Opening up the case of the Kingston V100 to access the guts is a mere matter of removing four Allen hex head screws once the pesky warranty sticker is summarily dispatched. Resting against the controller is a bubble gun pink thermal pad that helps dissipate heat and reduce physical shock.
On one side of the PCB board we find eight of the sixteen NAND flash chips along with a small cache chip near the corner.
A closer look at the 64MB of SDRAM cache, which sits at a 45 degree angle on the board, reveals it is manufactured by Mira. The cache helps buffer data to prevent the drive stuttering that plagued many of the early consumer drives. As a point of reference, the faster V+ 100 drives actually carry a 128MB controller.
The NAND flash is of the MLC 32nm variety and Toshiba in manufacture. Each chip is 8GB in density for a total of 128GB on board.

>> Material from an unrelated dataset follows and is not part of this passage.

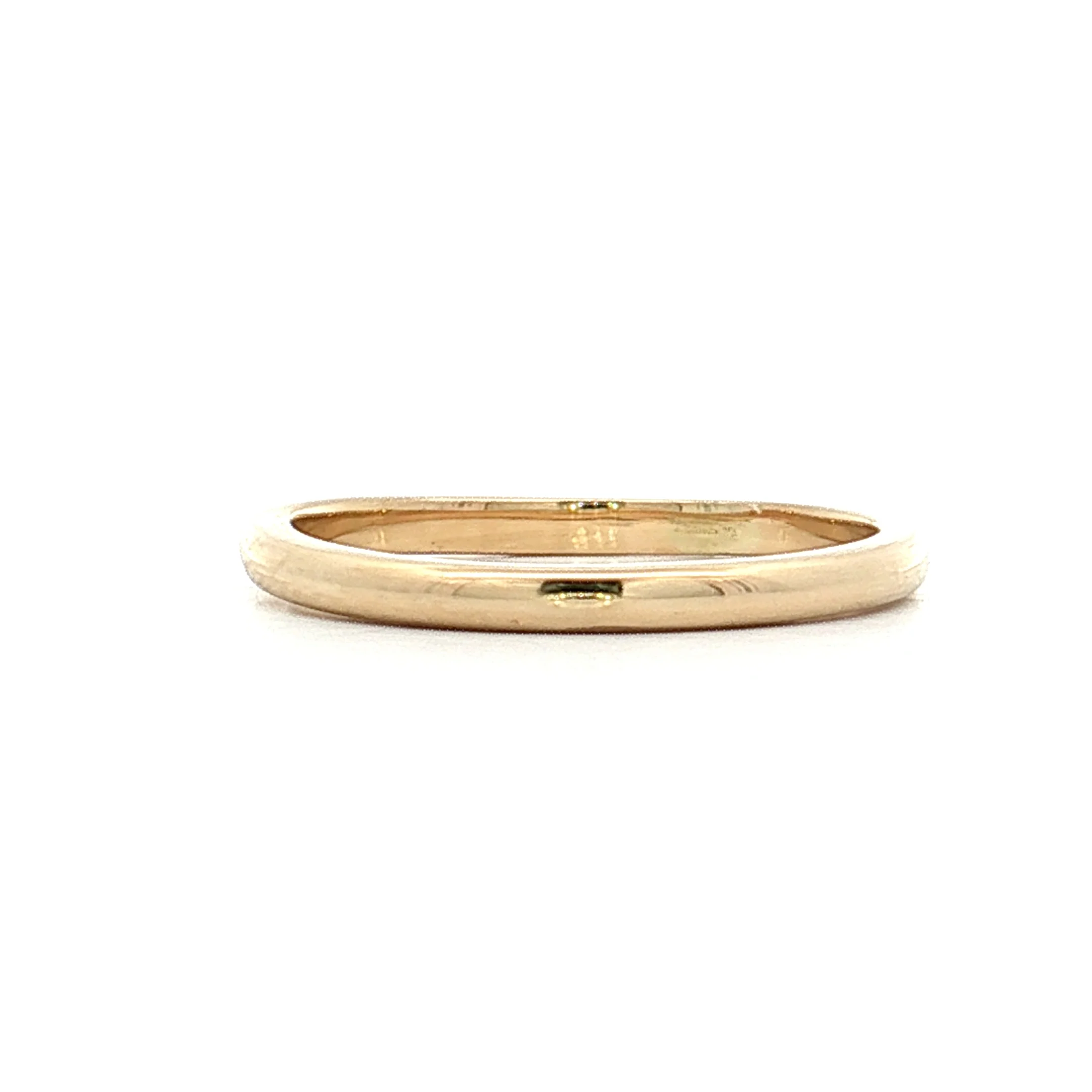 1.75mm Half Round Wedding Band 14k Yellow Gold - Image 2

The flip side yields a similar view except rather than a cache chip, we find the drive controller perched at a 45 degree angle to the PCB, located in the center nearest to the SATA 3Gbps interface.
Thanks to the thermal pad, the etching is a bit tough to make out. The part number on the chip itself is actually TC58NCF618GBT and also carries the Toshiba brand. The ‘618’ in the part number references the fact that this is the JMF618 controller we have seen before which is essentially a JMicron JMF612 controller carrying the Toshiba brand. We’ve seen this before on other V Series drives and it does support TRIM and somewhat aggressive idle garbage collection.